In recent years many self-styled “traditionalist” Catholics have expressed shock that Pope John Paul II has stated on various occasions—usually during his apostolic journeys to nations with a strong Muslim presence—that the followers of Islam, together with Christians, worship “the one true God.” But the Holy Father has done nothing more than restate the teaching of the Second Vatican Council, which said, “The Church also views with esteem the Muslims, who worship the one and only God, living and subsistent, merciful and omnipotent, the Creator of heaven and earth” (Declaration on the Relation of the Church to Non-Christian Religions 2).

Some “traditionalist” Catholics cite these statements of the Council and the Pope as evidence for the sedevacantist position, which holds that the See of Peter is vacant, i.e., that there has been no true pope since Vatican II. Their thinking is that since Allah is a false god, the statements of Paul VI and John Paul II to the contrary constitute public heresy—even apostasy and idolatry—which is incompatible with their being true popes.

These people use this issue as a litmus test for determining who is Catholic and who isn’t. Simply ask a professing Catholic, they say, whether Muslims worship the one true God (as John Paul II says they do). If the person answers yes, then you can know without further ado that he has already reached “the end of the road”—total apostasy.
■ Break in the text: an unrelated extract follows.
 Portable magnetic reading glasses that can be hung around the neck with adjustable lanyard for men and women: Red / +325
I have long been in public discourse with sedevacantists via letters and articles in various publications. (See, for example, “White Smoke, Valid Pope,” This Rock, March 2001.) I am on record agreeing with Pope John Paul II that it can be said truly that the Muslims “worship the one true God” even though they deny his trinitarian character. At the same time, I believe unequivocally in the revealed mystery of the most blessed Trinity—as does John Paul II along with all his predecessors.

As for the sedevacantists’ litmus test concerning Allah as the one true God, they err by confusing two distinct questions: whether one person or two separate persons are being referred to in a given situation; and what the qualities or attributes of a given person are. Let me explain.
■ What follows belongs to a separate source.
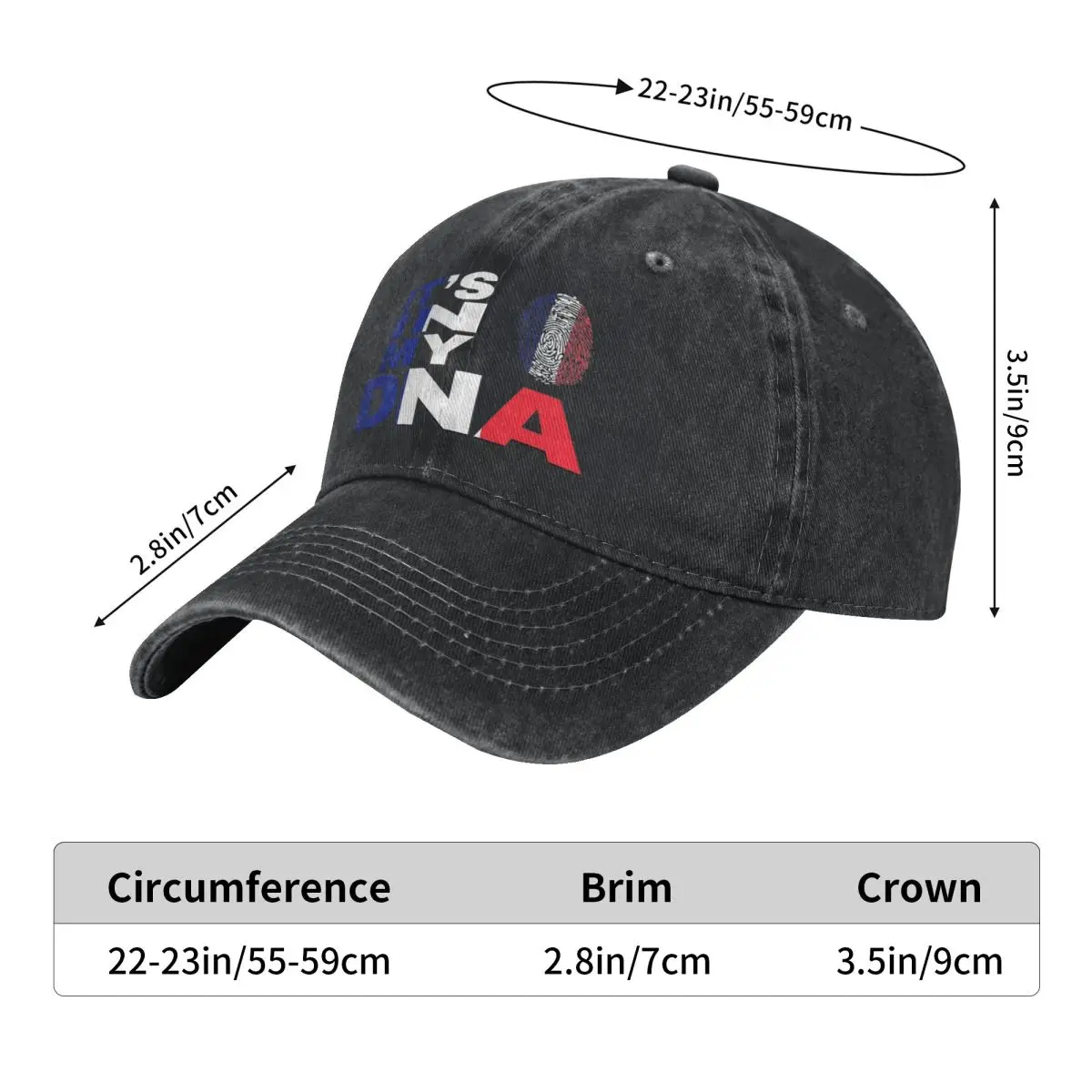 Francia está en mi gorra de béisbol lavada Dna bandera francesa Hip Hop papá sombreros verano mujeres hombres caza protección solar gorra Snapback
Imagine two people with their television sets in two adjacent houses, tuned in to the same channel at the same time, watching the same news bulletin. One TV set is in excellent condition, and the image of the news broadcaster can be seen perfectly on the screen. The set (or antenna) in the next house is in poor condition, and the image comes out on the screen in a blurry, confused, and partly unrecognizable form. Are the two viewers seeing the same man? Of course they are—there are not two different men in the TV studio producing the two respective images. Because of the second viewer’s defective receiving mechanism, he does not see the true attributes and qualities of the broadcaster’s face.

In the same way, there is only one supreme and eternal Creator of the universe who is recognized as such by both Muslims and Christians. But because of their defective “receiving apparatus”—i.e., they do not accept Christian revelation—Muslims err grievously by not recognizing God’s trinitarian character.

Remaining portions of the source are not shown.